The Freight House salesperson reshuffles some order forms on her counter, "Couldn’t miss him, quite a sight."
I nod in the affirmative.
"Of course you should have seen what he was looking to buy," she remarks.
"I can only guess," I reply.
"HM was in here asking about slats to make an elevated garden bed," the Salesperson explains.
"For his elevated organic bed garden," I illunminate.
"Okay," she now understands better, "We sell them for rose gardens and shrubs around the house and such, just outside."
"And he wants to kadapt them for growing vegetables," I narrate.

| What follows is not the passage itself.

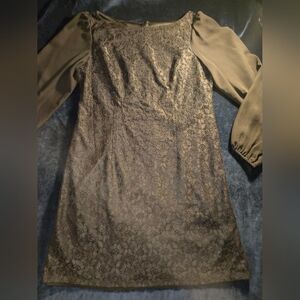 Eliza J. Cocktail Dress.  Black Lace. Women's Size 14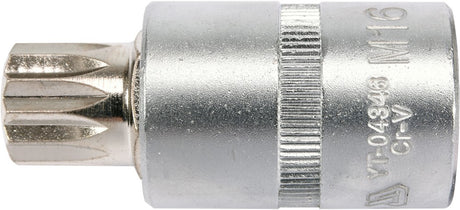 Ruuvikärki puristettu hylsyyn 1/2", M16 x 55 mm (YT-04346)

"Sure, and we sell a few for people who want to grow tomatoes and such up around the house," the salesperson says, "But when he saw the price for one bed;"
"Oiee," I put in.
"You betcha’," the salesperson agrees, "He decided that he had some elm logs on hand that he could adapt to hold the mulch in."
"Sounds familiar," I shrug.
"I thought the American elm was extinct," the salesp[erson comments.

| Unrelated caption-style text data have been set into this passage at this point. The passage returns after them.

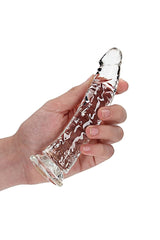 Shots Toys - RealRock - 6" Slim Realistic Dildo with Suction Cup - Clear Sex Toy - Tophatter Daily Deals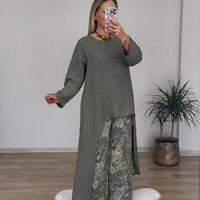 Elowen | Boho Tunika & Hosen Set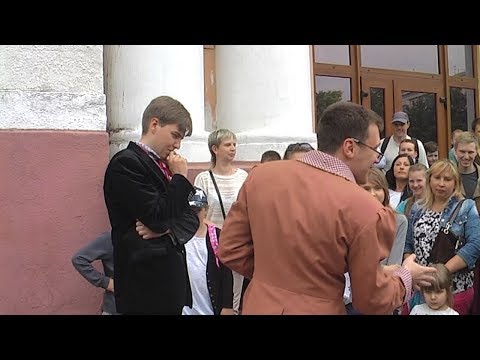 Видео: Экскурсовод - Эрвин Миден | городок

"Not in WeenerMan Township," I explain, "Matter of fact they are pretty prolific, only catch they don’t grow much past 18-24 inches before they give out. Still, they are abundant in fencerow and some woodlot corners."
"Sounds reasonable," the salesperson decides, "Only thing I’d worry about is when the logs started to break down that they might not be good for the plants growing in the bed."
"Yep," I agree.
"But HM says that by then he’ll have everything out by then," the salesperson adds, "So I try to explain that an elevated garden bed if properly turned and maintained can provide fruit well into the fall."

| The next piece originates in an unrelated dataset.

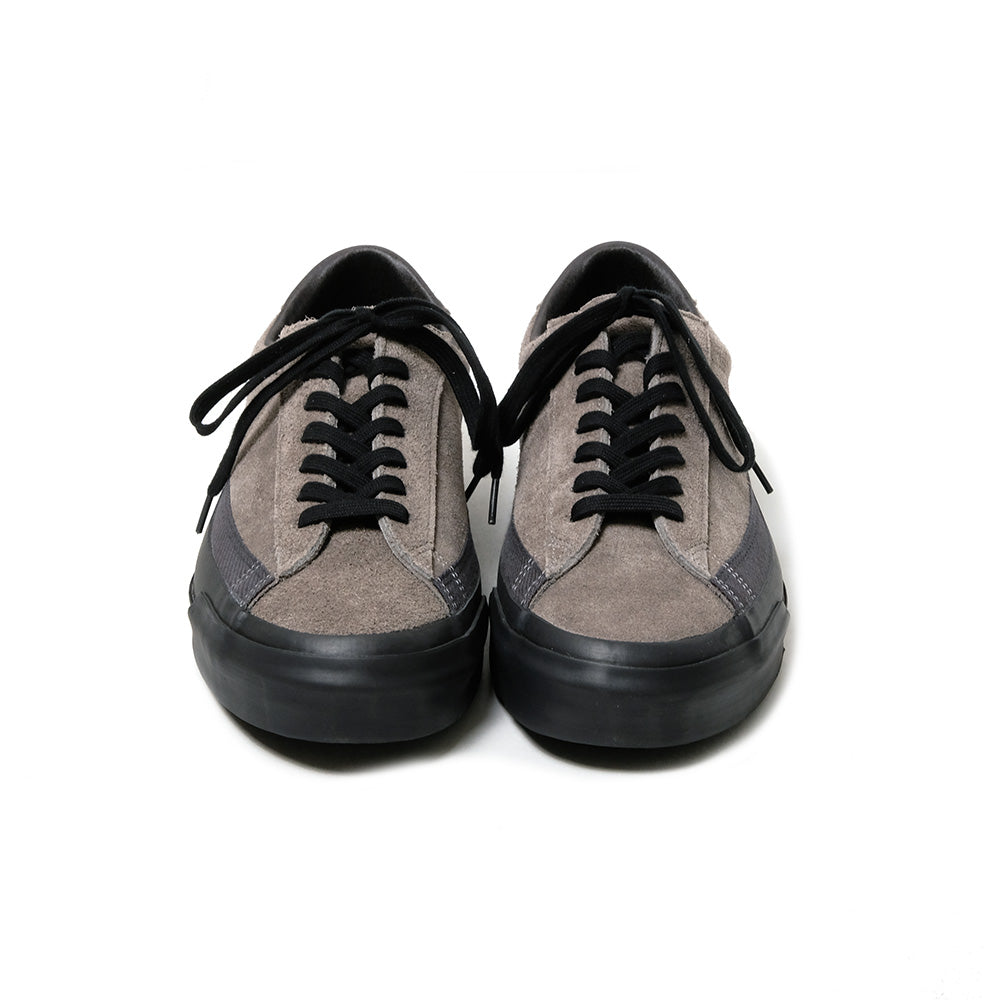 ASAHI - BELTED LOW SUEDE - Charcoal/Black - KF20664-1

"And," I wait for an answer.
"And the WeenerMan thinks it all over and decides that that sounds like a lot of unplanned for work and that he’ll be happy for a couple messes of tomatoes, and some produce to sell at a Farmer’s Market so the people in Burdock Center can have some organic vegetables to eat," the salesperson smiles a little, "Somewhat unorthodox, but well-meaning."
"That’s him," I second her.
"Oh well, that’s the WeenerMan," she says as if from experience, "Anyways I finally did talk him into buying a load of cement-blocks to prop up the elm-logs. He thought it was a great idea because he could always put the blocks to use after the growing season was over."
"Building Block Logic," I remark.
"So we fire up the forklift, and after a lot of manuveuring and tries, we finally get the building blocks set down in that home-mde trailer he has attached to the back of the RodneyMobile," the salesperson explains, "Heavy enough load, we’re letting the forklift cool-off now."
"So how much of a lead does he have on me?" I ask.
"Relax," the Salesperson tells me, "Have a coffee and donut, and look over our tomato plant starts and complete seed-selection, we have some large pumpkin-seed on sale too," she smiles and gives me a wink, "How far ahead can a Weenerman and a trailer-load of building blocks being pulled by the Rodney-Mobile get??"